--- The task ---
Please restate each line of the material word for word and omit any pictures.
--- Data segment ---
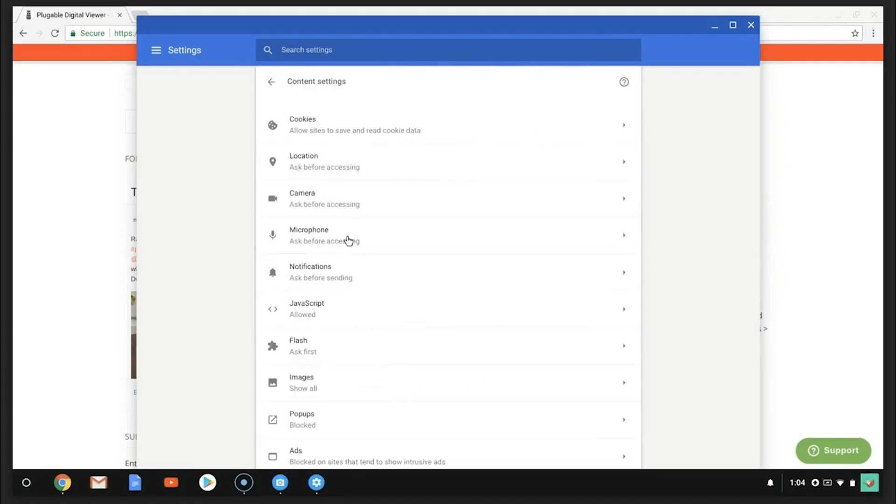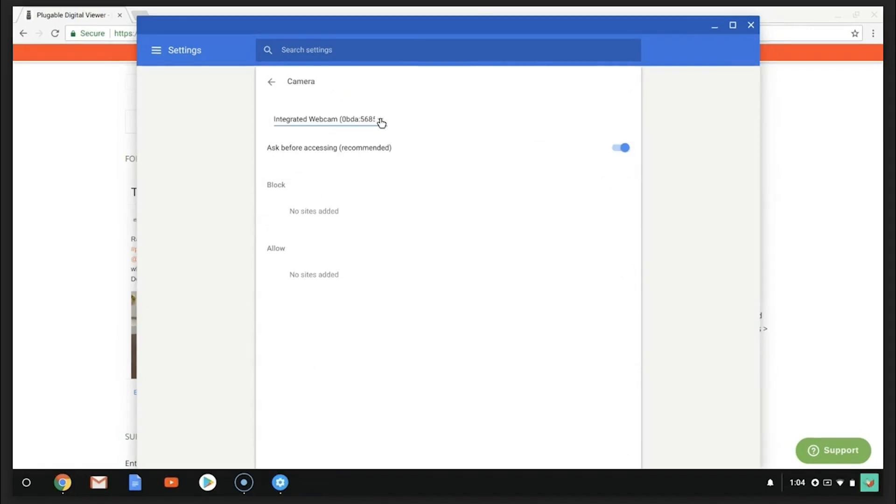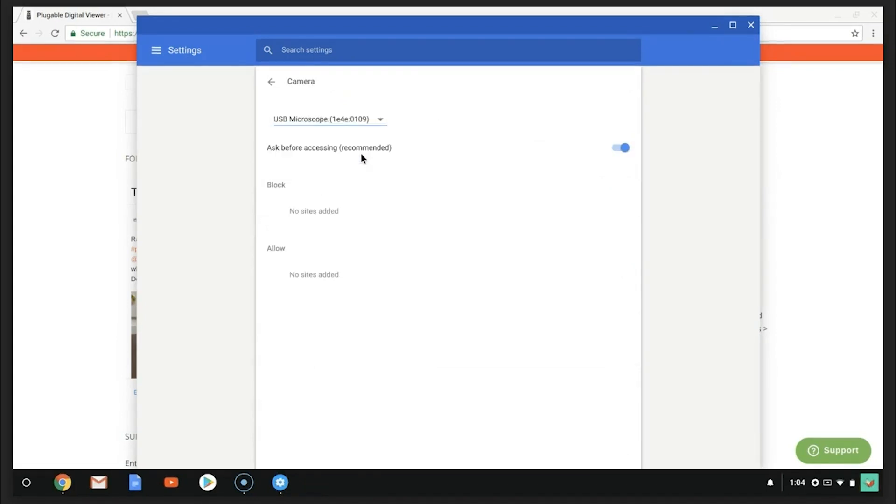Then, click on Camera. The drop-down menu will display integrated webcam. Click on the small arrow and choose USB Microscope.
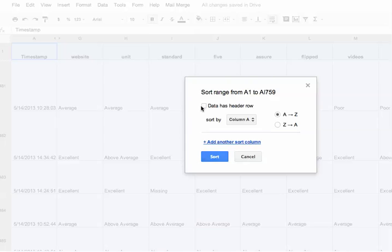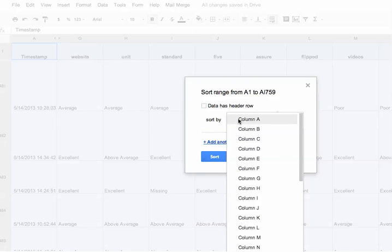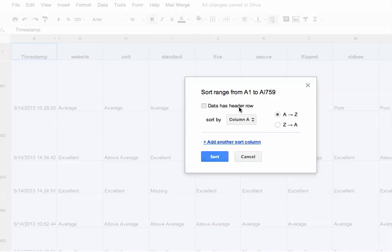Then you'll want to check that your data has header rows, especially if this came from a Google Form and the header rows are already created. If you don't have header rows, notice it says column A, column B, and it'll actually sort your headers into your sort. So you do want to make sure that you check the box that your data has header rows.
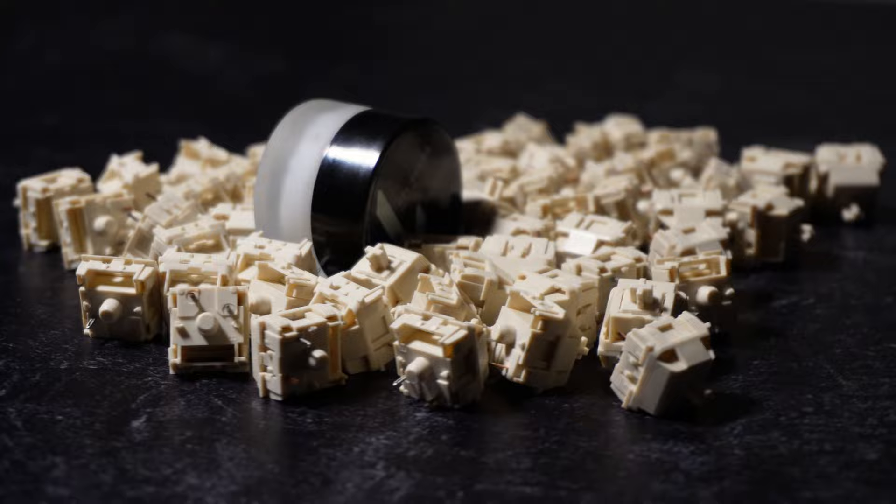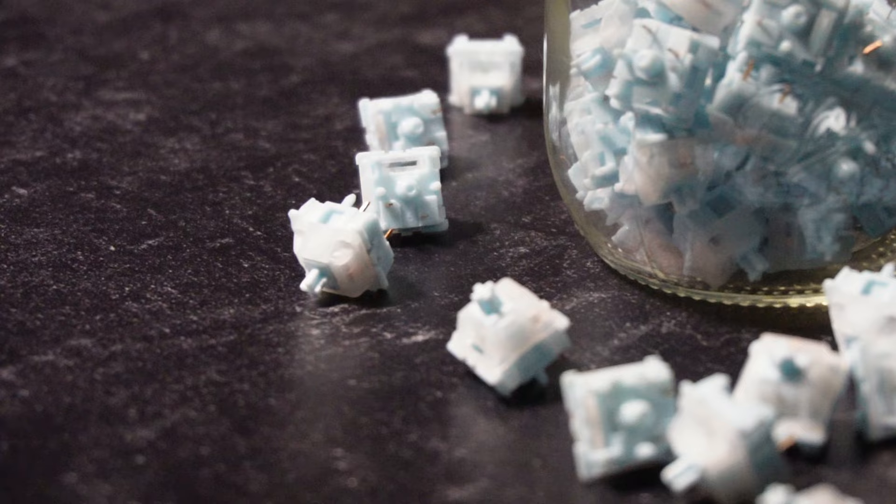Just looking at the two lubes, we can see immediately that Crytox is much more viscous than the GLube, so we'll see how that plays into the feel later.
---
--- Written answer ---
Then, click on Camera. The drop-down menu will display integrated webcam. Click on the small arrow and choose USB Microscope.
Then you'll want to check that your data has header rows, especially if this came from a Google Form and the header rows are already created. If you don't have header rows, notice it says column A, column B, and it'll actually sort your headers into your sort. So you do want to make sure that you check the box that your data has header rows.
Just looking at the two lubes, we can see immediately that Crytox is much more viscous than the GLube, so we'll see how that plays into the feel later.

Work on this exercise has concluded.